Oversupply to cap Dubai property recovery until 2016
Posted: Tuesday, October 25, 2011
Dubai's once-booming property market can expect more pain with oversupply likely to delay a price recovery in the Gulf emirate until 2016, ratings agency Moody's said on Monday.
House prices in Dubai soared after the emirate -- which overstretched itself building extravagant real estate projects -- opened its real estate sector to foreign investors in 2002, granting them freehold ownership rights at many developments.
From start-2007 to mid-2008, prices rallied almost 80 percent, Morgan Stanley estimates showed.
But the bubble burst when global economic woes and a debt crisis at home led to billions of dollars worth of projects being put on hold or cancelled while house prices plummeted some 60 percent from their peaks.

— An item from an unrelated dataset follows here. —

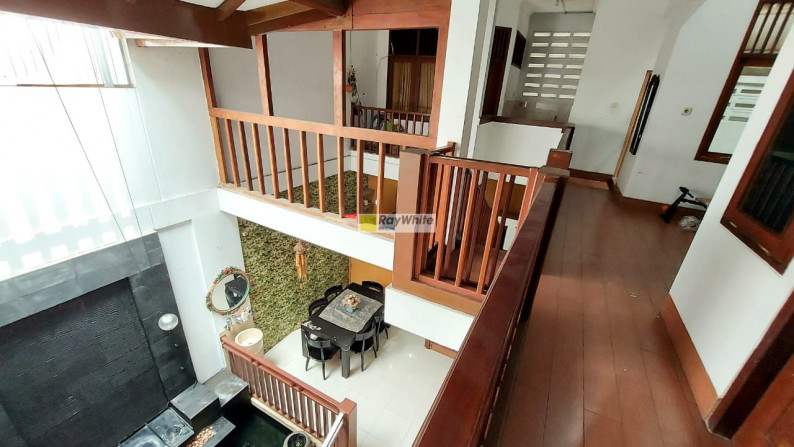 Rumah Siap Huni Design Modern Style Dengan Konsep Split Level di Mampang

"When you look at Dubai, yes the market is oversupplied on the residential side," Martin Kohlhase, senior analyst, EMEA Corporate Finance at Moody's, told the Reuters Middle East Investment Summit in Dubai.
"We don't see recovery over the next five years. New construction, new projects are unlikely to happen and the same would hold true for the commercial market," he added.
Dubai's housing market will plummet another 10 percent before it stabilises, a Reuters poll showed earlier on Monday, adding the market is oversupplied by about 25 percent.